_ACTIVITY_
Only the lines below from the one that contains "Paralympians surfing the" through the one that contains "photo de SERRURE" should appear in your answer, exact and without pictures.

_SUPPLIED DATA_

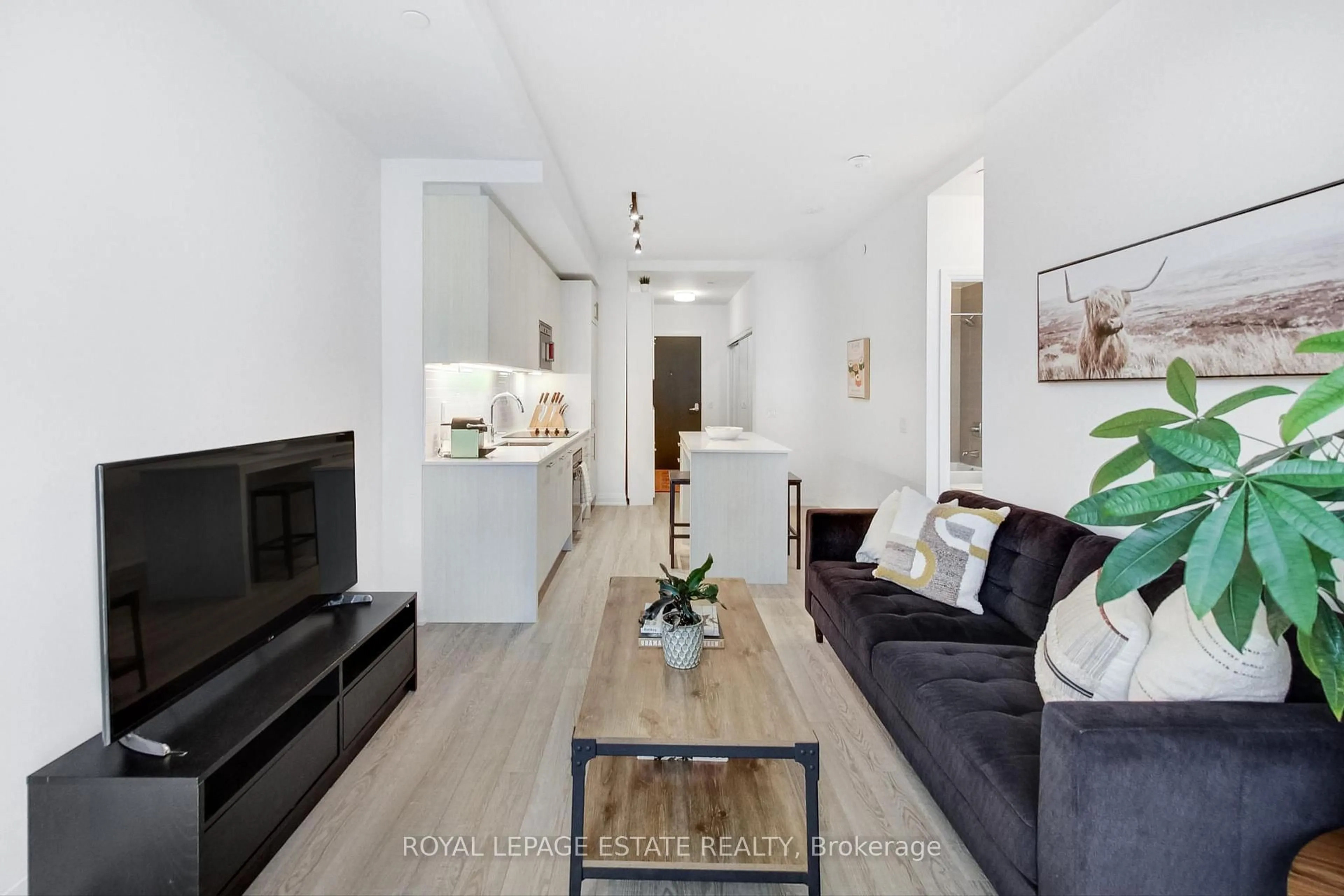 Living room with furniture, unknown for 286 Main St #808, Toronto Ontario M4C 4X5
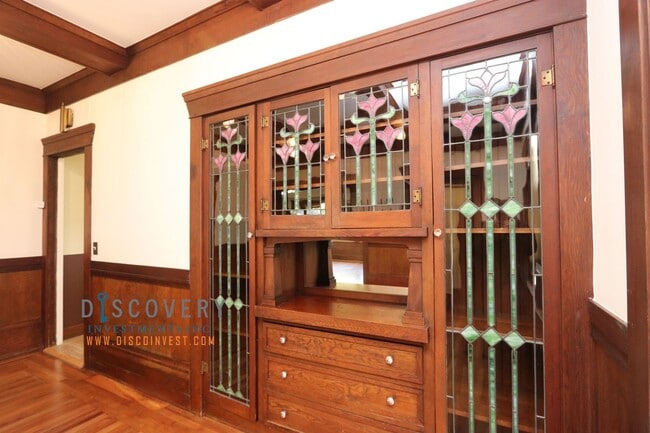 Building Photo - Glenview Craftsman Home with Exquisite Yard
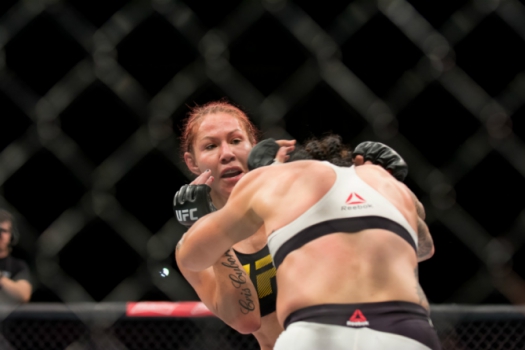 Cyborg x Lansberg - UFC Brasília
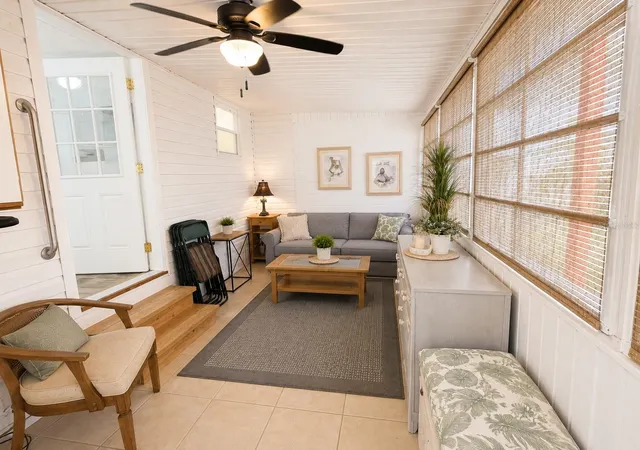 4th image of 1613 Michigan Ave, Bradenton, FL 34207 | MLS# A4702105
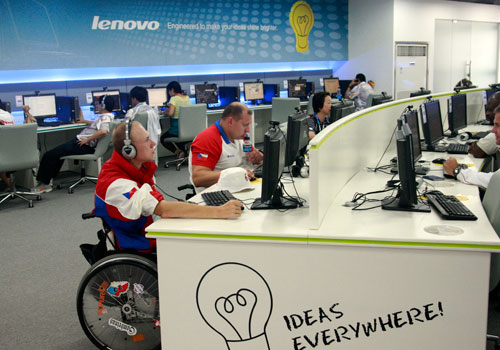 Paralympians surfing the web in a Lenovo-sponsored Internet Cafe in the Paralympic village on September 9, 2008 [Zhang Yunxing/China.org.cn]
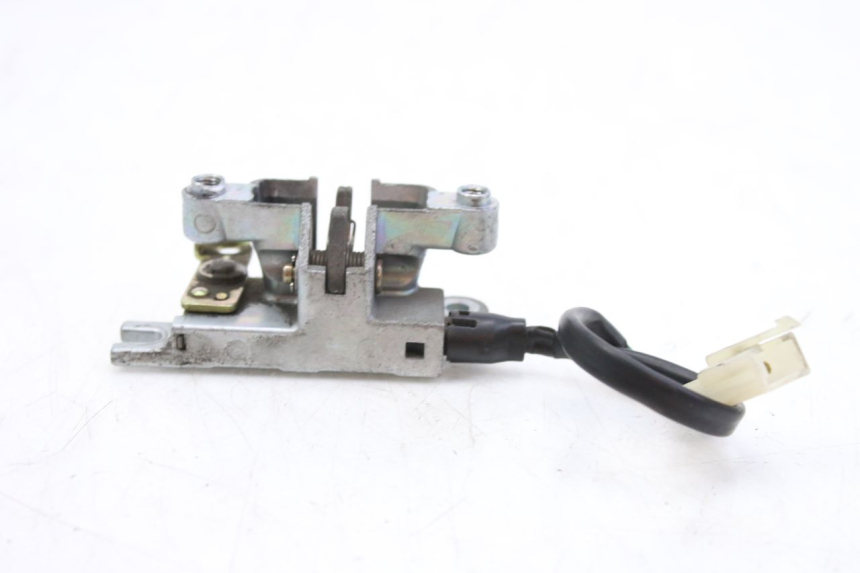 photo de SERRURE DE SELLE KYMCO SENTO 100 (2008 - 2013) - Zoom état d’usage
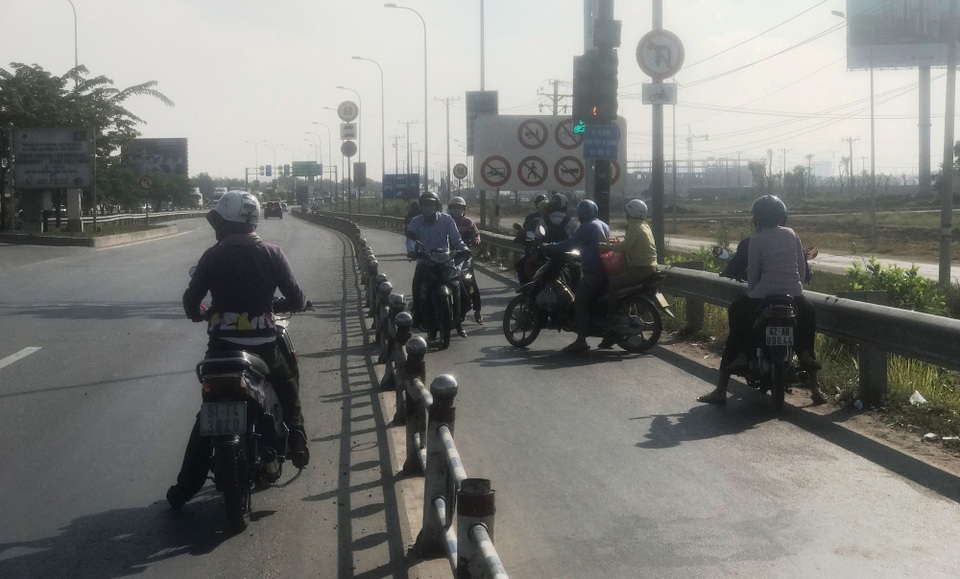 
Thậm chí có không ít người liều lĩnh quay ngược trở lại, rồi tìm vị trí rẽ vào làn đường ô tô.
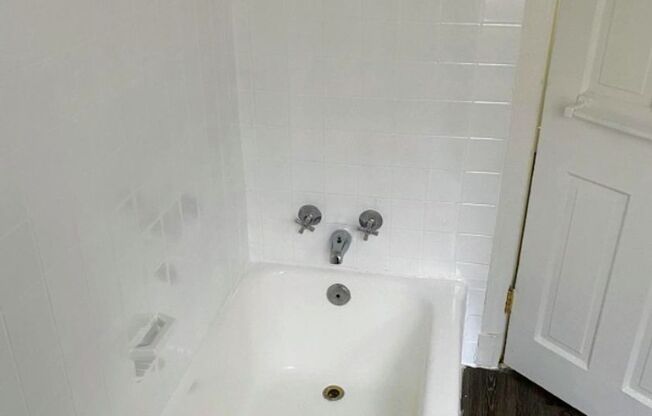 2 beds, 1 bath, 788 sqft, $1,725, Unit 4210P3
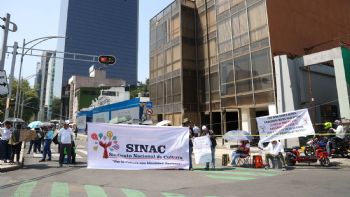 Trabajadores de Cultura paralizan Reforma e Insurgentes para exigir pagos atrasados
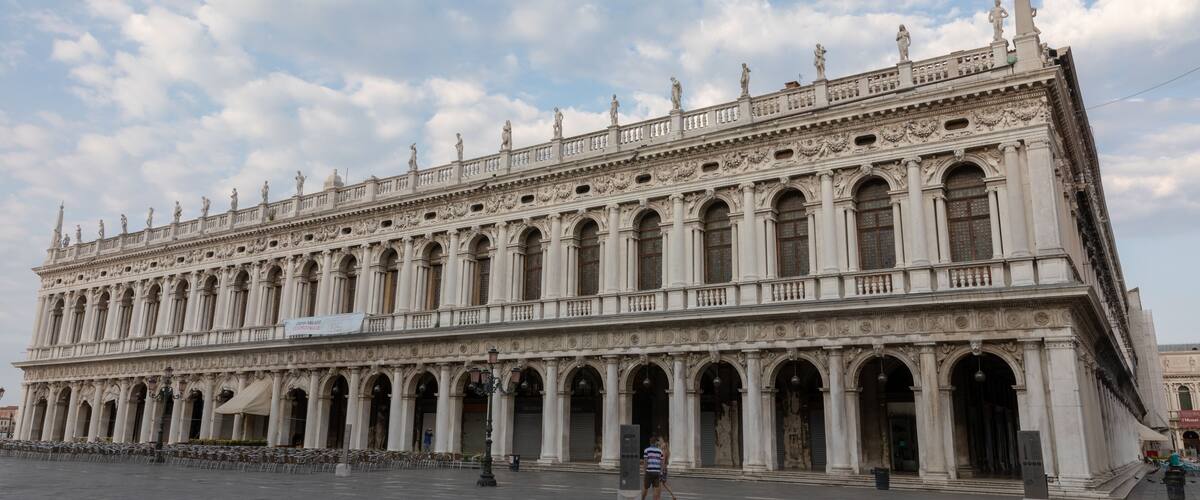 Panoramic view of facade of Museo Correr and Piazza San Marco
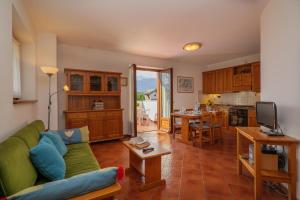 コーリコにあるVilla Palmaのリビングルーム(緑のソファ付)、キッチンが備わります。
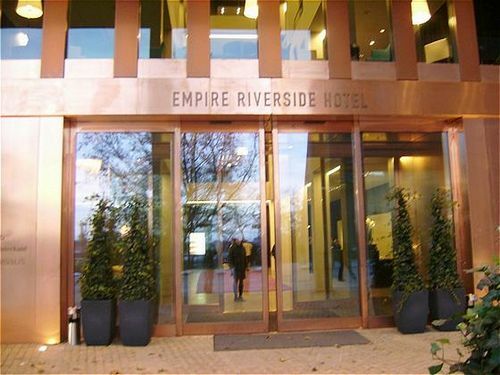 Empire Riverside Hotel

_FINAL ANSWER_
 Paralympians surfing the web in a Lenovo-sponsored Internet Cafe in the Paralympic village on September 9, 2008 [Zhang Yunxing/China.org.cn]
 photo de SERRURE DE SELLE KYMCO SENTO 100 (2008 - 2013) - Zoom état d’usage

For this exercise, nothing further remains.